● Exercise directions:
Once the line containing "Waldeck Pyrmontkade 105" has been written out, stop; until then, restate each line of the entries below word for word from the first.

++++ Records for the task

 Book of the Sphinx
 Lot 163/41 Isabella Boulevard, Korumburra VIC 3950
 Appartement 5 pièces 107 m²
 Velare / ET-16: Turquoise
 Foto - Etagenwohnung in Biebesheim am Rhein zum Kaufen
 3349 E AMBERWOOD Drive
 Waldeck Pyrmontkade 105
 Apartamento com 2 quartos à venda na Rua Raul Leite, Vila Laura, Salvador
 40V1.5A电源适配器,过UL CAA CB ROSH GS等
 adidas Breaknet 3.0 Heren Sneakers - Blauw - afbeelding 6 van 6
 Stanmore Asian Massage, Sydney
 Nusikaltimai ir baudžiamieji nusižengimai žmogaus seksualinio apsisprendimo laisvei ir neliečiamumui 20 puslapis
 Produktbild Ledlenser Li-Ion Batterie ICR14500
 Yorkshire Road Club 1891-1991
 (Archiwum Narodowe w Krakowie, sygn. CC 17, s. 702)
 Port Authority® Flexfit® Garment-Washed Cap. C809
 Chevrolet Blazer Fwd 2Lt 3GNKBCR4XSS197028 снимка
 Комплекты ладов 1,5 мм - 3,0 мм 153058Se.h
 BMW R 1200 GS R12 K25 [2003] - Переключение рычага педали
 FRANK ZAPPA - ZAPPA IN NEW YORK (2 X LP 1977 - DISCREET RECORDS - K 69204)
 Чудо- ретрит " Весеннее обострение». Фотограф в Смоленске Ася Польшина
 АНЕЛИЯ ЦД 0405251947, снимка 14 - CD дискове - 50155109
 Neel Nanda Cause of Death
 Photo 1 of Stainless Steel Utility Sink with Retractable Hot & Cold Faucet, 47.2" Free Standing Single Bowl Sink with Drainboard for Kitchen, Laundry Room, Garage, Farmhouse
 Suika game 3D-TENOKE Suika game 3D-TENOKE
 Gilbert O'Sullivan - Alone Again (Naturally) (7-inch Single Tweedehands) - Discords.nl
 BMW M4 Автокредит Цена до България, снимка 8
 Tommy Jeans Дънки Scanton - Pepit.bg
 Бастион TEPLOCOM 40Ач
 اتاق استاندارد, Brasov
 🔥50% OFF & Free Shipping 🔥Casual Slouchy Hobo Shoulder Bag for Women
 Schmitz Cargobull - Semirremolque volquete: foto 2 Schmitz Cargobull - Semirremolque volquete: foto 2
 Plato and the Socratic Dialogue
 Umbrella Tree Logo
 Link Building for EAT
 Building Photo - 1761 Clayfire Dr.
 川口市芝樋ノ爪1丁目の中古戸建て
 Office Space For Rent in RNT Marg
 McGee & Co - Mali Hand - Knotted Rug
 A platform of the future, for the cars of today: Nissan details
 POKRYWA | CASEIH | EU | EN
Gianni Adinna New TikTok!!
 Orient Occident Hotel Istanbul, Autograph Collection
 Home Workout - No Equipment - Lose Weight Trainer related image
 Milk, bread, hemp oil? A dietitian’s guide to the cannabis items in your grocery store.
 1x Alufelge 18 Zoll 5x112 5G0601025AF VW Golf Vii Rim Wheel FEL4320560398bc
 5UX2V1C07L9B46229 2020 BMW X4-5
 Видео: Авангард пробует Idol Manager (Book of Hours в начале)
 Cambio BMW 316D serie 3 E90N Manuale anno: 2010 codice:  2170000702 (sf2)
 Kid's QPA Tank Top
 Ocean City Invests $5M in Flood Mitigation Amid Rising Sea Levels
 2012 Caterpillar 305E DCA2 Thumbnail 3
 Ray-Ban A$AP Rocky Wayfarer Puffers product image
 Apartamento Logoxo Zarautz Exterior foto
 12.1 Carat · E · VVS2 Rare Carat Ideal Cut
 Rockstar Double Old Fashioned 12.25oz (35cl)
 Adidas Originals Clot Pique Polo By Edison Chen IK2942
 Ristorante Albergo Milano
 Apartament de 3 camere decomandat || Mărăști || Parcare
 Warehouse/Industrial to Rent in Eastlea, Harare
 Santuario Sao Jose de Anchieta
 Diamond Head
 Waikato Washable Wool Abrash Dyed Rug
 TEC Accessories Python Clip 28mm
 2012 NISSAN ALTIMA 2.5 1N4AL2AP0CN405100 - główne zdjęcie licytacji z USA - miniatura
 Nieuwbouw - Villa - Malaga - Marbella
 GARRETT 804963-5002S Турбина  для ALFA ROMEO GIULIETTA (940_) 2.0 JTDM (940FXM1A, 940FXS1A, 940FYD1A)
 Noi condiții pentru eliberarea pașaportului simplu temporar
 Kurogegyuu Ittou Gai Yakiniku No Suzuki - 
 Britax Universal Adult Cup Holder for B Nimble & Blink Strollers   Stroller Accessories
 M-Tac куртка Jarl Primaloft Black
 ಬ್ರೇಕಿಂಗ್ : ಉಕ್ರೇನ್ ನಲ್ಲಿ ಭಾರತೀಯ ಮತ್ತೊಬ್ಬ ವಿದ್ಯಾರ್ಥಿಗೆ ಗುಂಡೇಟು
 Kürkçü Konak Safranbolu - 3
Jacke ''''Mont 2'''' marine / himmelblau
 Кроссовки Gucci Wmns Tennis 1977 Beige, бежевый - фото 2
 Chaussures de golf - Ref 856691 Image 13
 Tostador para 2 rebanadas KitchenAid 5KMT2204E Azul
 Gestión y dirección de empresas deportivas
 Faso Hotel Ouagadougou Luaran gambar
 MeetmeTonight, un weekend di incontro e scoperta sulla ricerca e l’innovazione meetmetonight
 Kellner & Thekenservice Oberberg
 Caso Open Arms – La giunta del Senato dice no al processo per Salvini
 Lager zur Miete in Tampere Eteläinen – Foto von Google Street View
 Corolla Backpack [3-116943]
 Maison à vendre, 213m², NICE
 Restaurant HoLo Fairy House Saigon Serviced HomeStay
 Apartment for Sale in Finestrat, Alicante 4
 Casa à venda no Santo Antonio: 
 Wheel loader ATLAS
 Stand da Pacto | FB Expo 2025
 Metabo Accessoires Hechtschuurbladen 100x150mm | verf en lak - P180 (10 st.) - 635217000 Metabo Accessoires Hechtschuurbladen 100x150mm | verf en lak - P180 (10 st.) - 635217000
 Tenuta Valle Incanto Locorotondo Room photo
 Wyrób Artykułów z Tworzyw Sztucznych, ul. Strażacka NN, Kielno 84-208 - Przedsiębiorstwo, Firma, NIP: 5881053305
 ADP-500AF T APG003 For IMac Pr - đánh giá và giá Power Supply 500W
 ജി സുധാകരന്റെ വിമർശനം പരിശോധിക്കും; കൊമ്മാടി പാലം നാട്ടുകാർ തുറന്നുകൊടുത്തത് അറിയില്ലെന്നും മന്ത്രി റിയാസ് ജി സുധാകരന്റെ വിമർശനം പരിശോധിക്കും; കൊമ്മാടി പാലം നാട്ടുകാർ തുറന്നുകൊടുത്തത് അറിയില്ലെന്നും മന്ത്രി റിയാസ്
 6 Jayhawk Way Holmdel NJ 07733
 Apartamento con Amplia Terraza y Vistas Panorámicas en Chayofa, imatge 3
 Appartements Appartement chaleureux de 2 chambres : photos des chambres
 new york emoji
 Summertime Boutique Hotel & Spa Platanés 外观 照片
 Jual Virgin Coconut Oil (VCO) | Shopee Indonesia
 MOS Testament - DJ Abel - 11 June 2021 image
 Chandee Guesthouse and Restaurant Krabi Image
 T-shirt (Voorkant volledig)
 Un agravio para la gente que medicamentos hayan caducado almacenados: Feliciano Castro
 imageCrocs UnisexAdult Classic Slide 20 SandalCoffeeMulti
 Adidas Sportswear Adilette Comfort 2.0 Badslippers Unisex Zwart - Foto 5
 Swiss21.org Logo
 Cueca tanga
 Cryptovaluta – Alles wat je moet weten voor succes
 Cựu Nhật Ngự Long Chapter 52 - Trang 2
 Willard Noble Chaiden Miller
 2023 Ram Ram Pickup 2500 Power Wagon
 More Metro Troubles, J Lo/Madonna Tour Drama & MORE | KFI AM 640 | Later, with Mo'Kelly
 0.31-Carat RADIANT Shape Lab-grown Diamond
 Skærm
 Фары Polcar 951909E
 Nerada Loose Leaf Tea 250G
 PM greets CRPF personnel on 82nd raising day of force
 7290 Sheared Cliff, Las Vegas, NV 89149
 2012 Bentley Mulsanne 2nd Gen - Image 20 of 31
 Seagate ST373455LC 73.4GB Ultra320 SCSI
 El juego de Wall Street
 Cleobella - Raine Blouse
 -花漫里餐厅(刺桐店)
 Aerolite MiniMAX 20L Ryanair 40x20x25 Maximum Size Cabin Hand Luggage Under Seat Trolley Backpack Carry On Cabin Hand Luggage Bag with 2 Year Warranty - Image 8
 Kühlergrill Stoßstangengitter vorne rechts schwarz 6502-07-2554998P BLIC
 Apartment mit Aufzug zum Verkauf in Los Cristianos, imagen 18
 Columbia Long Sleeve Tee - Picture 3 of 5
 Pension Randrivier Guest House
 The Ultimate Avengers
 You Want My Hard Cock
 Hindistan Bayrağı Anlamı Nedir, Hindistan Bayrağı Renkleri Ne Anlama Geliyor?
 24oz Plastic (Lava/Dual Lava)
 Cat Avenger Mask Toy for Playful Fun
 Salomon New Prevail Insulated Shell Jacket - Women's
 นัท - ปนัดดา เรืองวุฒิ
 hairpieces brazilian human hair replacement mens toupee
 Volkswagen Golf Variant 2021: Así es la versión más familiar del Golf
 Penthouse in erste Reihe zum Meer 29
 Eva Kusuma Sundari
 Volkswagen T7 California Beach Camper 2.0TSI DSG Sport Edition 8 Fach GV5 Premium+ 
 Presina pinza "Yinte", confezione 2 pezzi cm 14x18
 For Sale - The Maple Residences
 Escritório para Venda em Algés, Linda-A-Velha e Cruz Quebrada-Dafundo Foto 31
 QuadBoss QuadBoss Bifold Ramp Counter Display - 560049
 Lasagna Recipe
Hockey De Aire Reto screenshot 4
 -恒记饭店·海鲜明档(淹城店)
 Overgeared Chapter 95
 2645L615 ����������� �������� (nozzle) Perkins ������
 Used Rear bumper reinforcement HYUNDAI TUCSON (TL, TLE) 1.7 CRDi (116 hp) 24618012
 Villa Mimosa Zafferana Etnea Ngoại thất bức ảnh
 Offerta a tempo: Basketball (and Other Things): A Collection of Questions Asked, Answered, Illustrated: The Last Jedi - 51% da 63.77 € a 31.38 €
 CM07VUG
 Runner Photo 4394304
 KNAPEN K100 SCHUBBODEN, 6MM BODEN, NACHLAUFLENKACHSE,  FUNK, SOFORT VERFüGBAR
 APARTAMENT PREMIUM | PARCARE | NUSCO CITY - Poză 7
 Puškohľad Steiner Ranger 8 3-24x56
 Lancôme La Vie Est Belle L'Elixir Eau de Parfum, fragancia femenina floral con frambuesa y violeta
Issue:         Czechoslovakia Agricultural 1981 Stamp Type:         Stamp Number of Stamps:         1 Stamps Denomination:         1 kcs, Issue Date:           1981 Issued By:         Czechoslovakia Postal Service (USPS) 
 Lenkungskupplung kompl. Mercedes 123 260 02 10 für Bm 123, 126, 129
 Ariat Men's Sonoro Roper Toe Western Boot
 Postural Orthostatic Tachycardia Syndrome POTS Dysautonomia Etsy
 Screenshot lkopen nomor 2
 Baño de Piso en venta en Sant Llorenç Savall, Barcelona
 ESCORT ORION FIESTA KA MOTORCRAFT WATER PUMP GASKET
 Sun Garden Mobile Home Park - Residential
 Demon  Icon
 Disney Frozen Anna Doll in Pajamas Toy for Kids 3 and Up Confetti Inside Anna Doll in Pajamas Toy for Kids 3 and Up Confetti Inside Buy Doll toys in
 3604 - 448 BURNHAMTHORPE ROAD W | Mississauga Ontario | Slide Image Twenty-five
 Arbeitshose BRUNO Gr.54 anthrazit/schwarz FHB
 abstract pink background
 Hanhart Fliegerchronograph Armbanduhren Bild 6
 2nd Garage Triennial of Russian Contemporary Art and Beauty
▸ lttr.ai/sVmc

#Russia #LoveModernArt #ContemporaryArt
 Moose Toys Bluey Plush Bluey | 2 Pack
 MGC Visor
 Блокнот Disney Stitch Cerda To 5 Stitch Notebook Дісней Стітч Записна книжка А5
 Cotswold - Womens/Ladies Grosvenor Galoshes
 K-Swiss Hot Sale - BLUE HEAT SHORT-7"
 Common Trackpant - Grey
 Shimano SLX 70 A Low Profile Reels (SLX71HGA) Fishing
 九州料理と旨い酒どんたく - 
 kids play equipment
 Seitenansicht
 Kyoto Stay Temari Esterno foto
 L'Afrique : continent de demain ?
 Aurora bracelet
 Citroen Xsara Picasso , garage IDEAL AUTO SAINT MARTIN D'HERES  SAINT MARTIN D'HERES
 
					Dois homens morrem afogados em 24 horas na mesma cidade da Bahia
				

++++++++

● Reply to the exercise:
 Book of the Sphinx
 Lot 163/41 Isabella Boulevard, Korumburra VIC 3950
 Appartement 5 pièces 107 m²
 Velare / ET-16: Turquoise
 Foto - Etagenwohnung in Biebesheim am Rhein zum Kaufen
 3349 E AMBERWOOD Drive
 Waldeck Pyrmontkade 105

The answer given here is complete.